Risks Change in Prime London Sales Market as Year Ends

December 2023 PCL sales index: 5,332.4 December 2023 POL sales index: 272.5
Written By:
Tom Bill, Knight Frank
4 minutes to read

The changing outlook for London’s prime property market was neatly encapsulated by events on Tuesday 12 December this year.

In the morning, it was announced that UK wage growth was marginally lower than expected, which suggested inflationary pressures were easing. It heightened speculation surrounding a rate cut in 2024, which only grew after weaker-than-expected GDP data the following day.

In the evening, there was a vote on the government’s Rwanda bill, exposing ideological divisions inside the ruling Conservative party. Talk of a confidence vote in the government and a stand-off with the House of Lords was reminiscent of the Brexit rebellion under Theresa May, which came to a head when the former PM resigned in May 2019.

The day’s events demonstrated that the primary risk for London’s prime property market is now political rather than economic.

So, how did 2023 unfold?

The fact higher rates curbed demand in 2023 was surprising in some ways.

Half of sales inside the central zone 1 area are typically in cash and higher levels of affluence and housing equity would further cushion the impact of 14 consecutive bank rate increases.

But the economic gloom spread to every corner of the property market in the capital in 2023. Stubbornly-high inflation led to rate rises and buyers held off in anticipation that prices would fall.
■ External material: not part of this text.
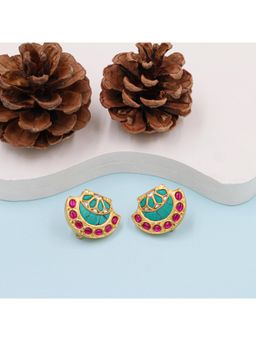 SANGEETA BOOCHRA JAIPUR - Designer Silver Earrings, Exquisitely 24K Gold-Plated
By early autumn, the unfolding war in the Middle East added to the mood of uncertainty.

The year didn’t start badly following Rishi Sunak’s election as Prime Minister and the prospect of economic stability after last September’s poorly-received mini-Budget.
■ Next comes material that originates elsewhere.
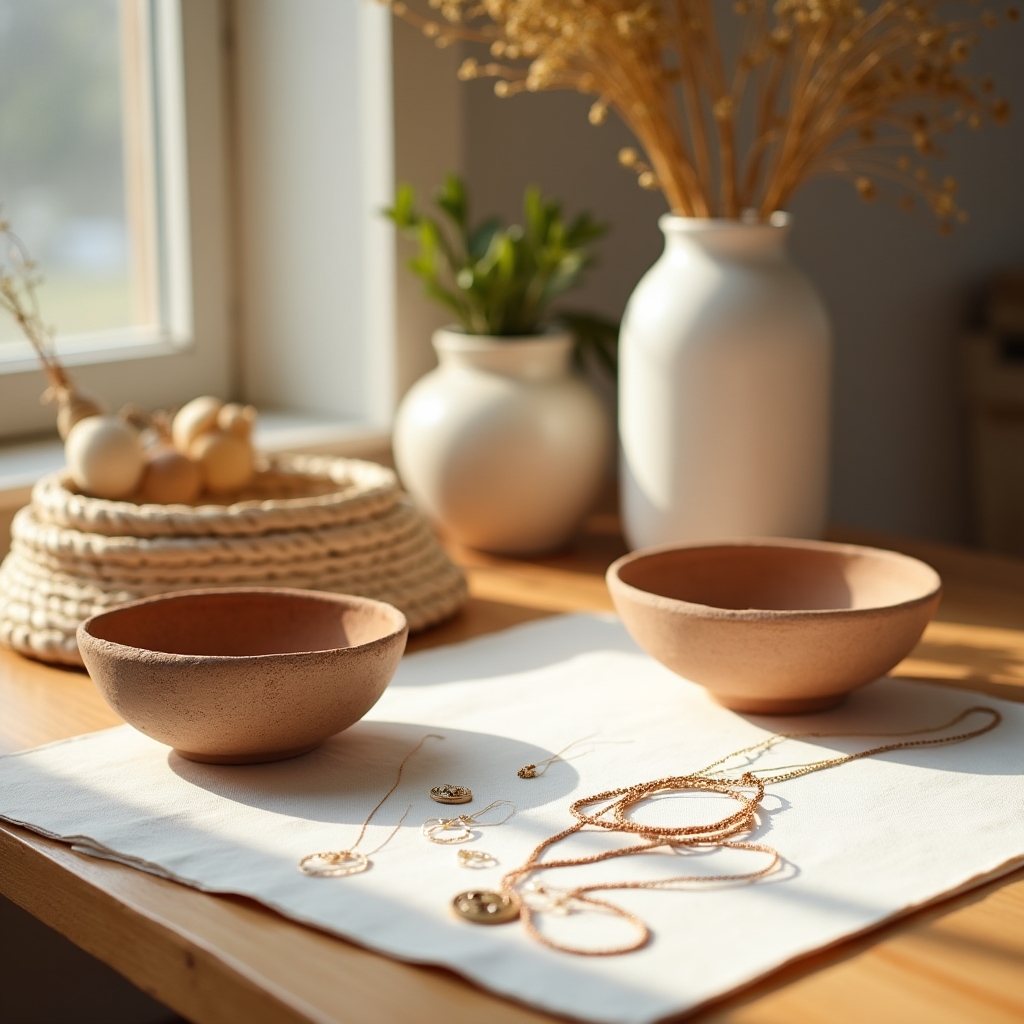 Spațiu de lucru pentru meșteșugari cu produse handmade aranjate pe fundal neutru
The number of offers made in the first quarter of this year in London was 11% higher than the five-year average. The number of viewings was up by 13% in the same period.

However, demand faded over the summer as high inflation took its toll. By the third quarter, the same two indicators were down by 13% and 9%, respectively.
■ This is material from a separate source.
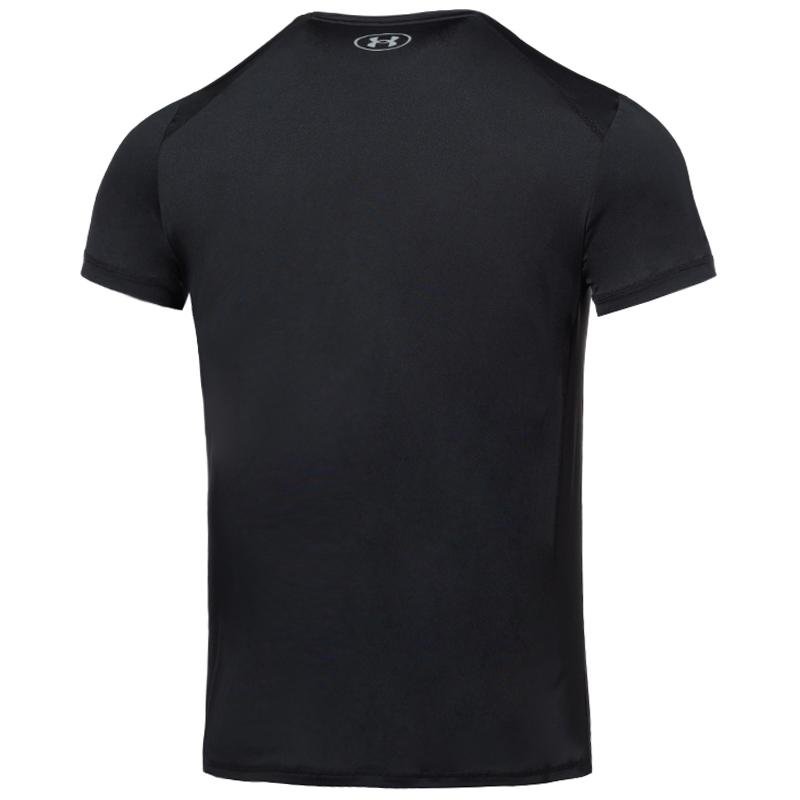 Under Armour Solid Color Running Casual Round Neck Breathable Short Sleeve T-Shirt Men Tops Black 23500506-001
As the economic news has improved in recent weeks demand has begun to strengthen again, and the number of offers made in November was 1% higher than the five-year average. Late autumn was certainly better than early autumn for the London property market, as we analysed here.

Overall, transaction volumes in London were 10% lower in the 12 months to November than the previous year, when numbers were boosted by a stamp duty holiday. That said, above £10 million, it has been the strongest year since 2015, as we explored here.

Meanwhile, average prices fell by 2.1% in the year to December in PCL, which was marginally less than our forecast of -3%. In POL, the decline was 1.6%, which also exceeded the 3% drop we forecast.

Price declines have not been as steep as forecast in most residential markets, with the Nationwide and Halifax both reporting a small rise across the UK in recent months. Low transaction volumes may skew the numbers but there are other factors supporting prices.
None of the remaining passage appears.